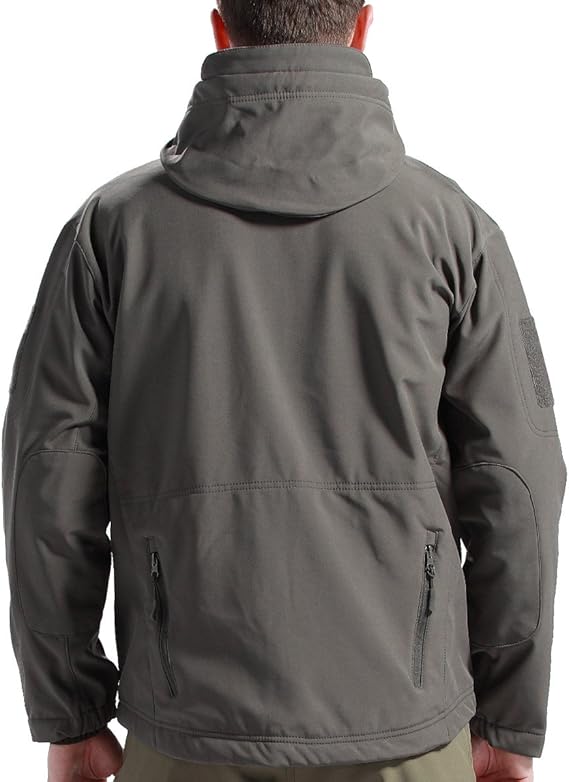 MaxShield waterdicht buitenpakket met fleece voering en meerdere zakken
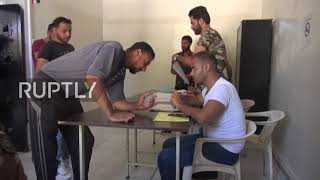 Syria: Fmr opposition militants flock to amnesty point in Daraa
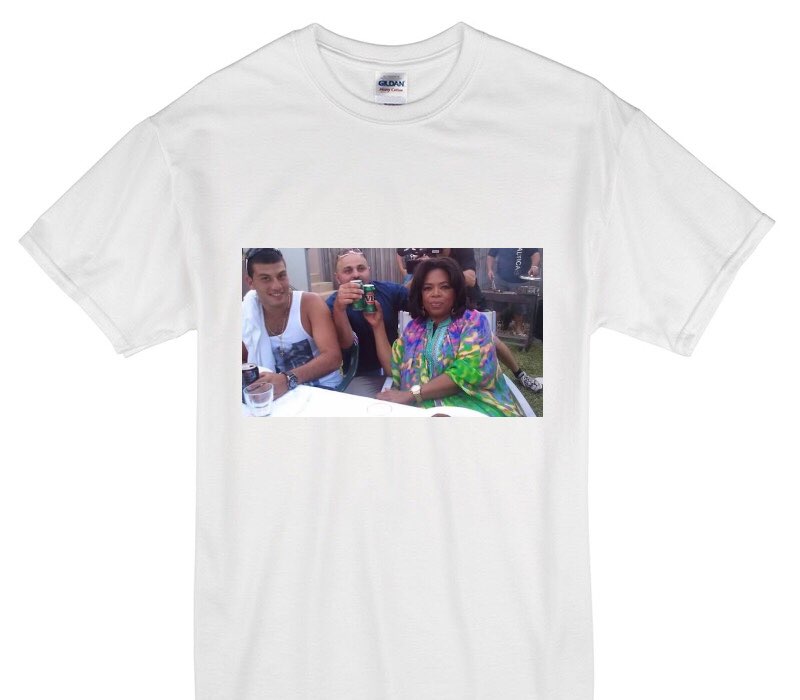 Custom Gildan 100% Cotton White T-Shirt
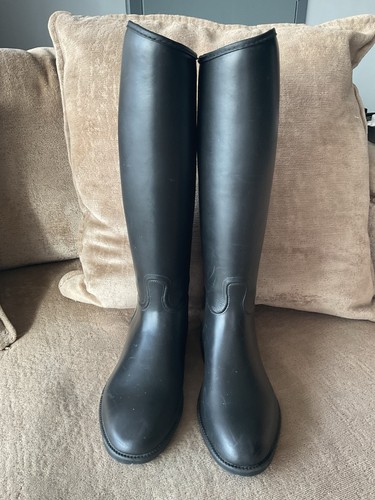 Black dublin boots - black, 4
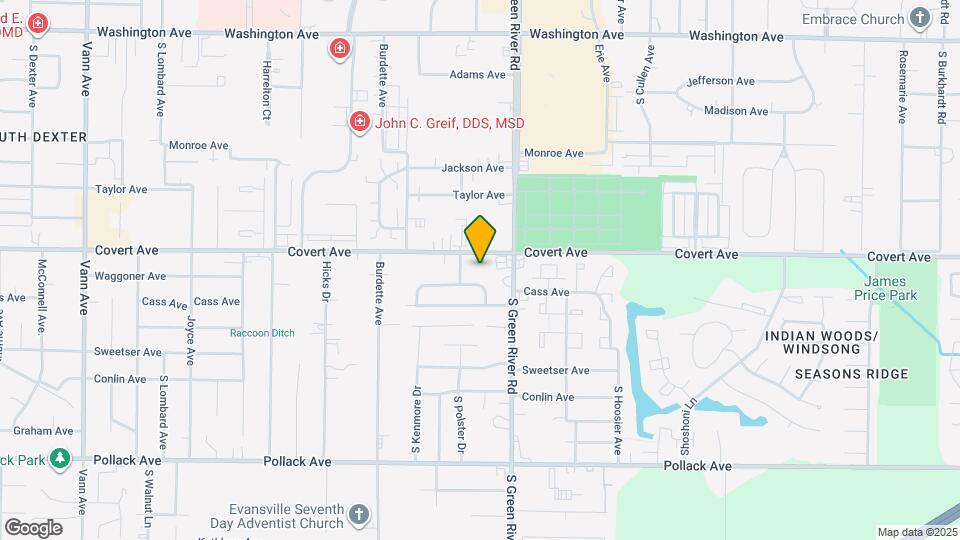 4671 Covert Ave Map and Location Details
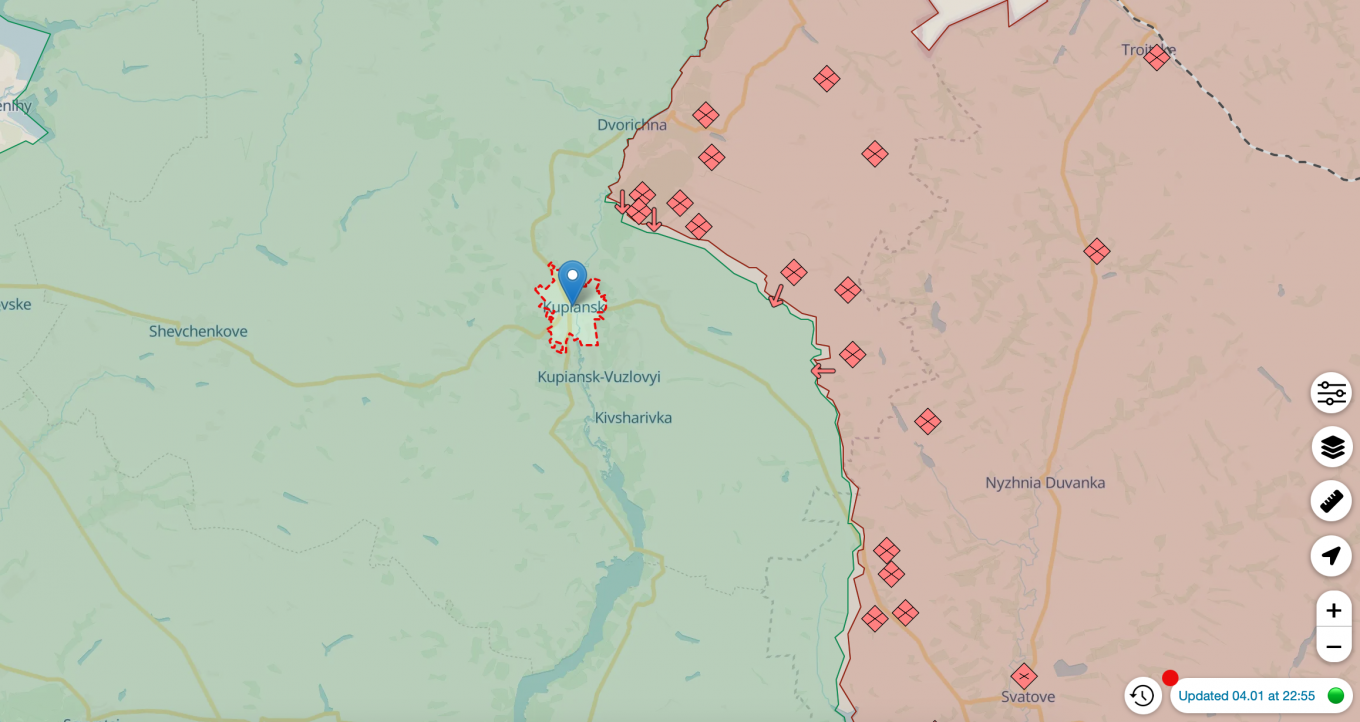 Kupiansk, Kharkiv region Defense Express The UK Defense Intelligence Reports on Ground Advances and Setbacks of Both Sides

▸ Task description: Starting with the line that holds "Syria: Fmr opposition", return each line exactly through the final line of the entries above; pictures are not part of the output.

▸ Exercise result:
 Syria: Fmr opposition militants flock to amnesty point in Daraa
 Custom Gildan 100% Cotton White T-Shirt
 Black dublin boots - black, 4
 4671 Covert Ave Map and Location Details
 Kupiansk, Kharkiv region Defense Express The UK Defense Intelligence Reports on Ground Advances and Setbacks of Both Sides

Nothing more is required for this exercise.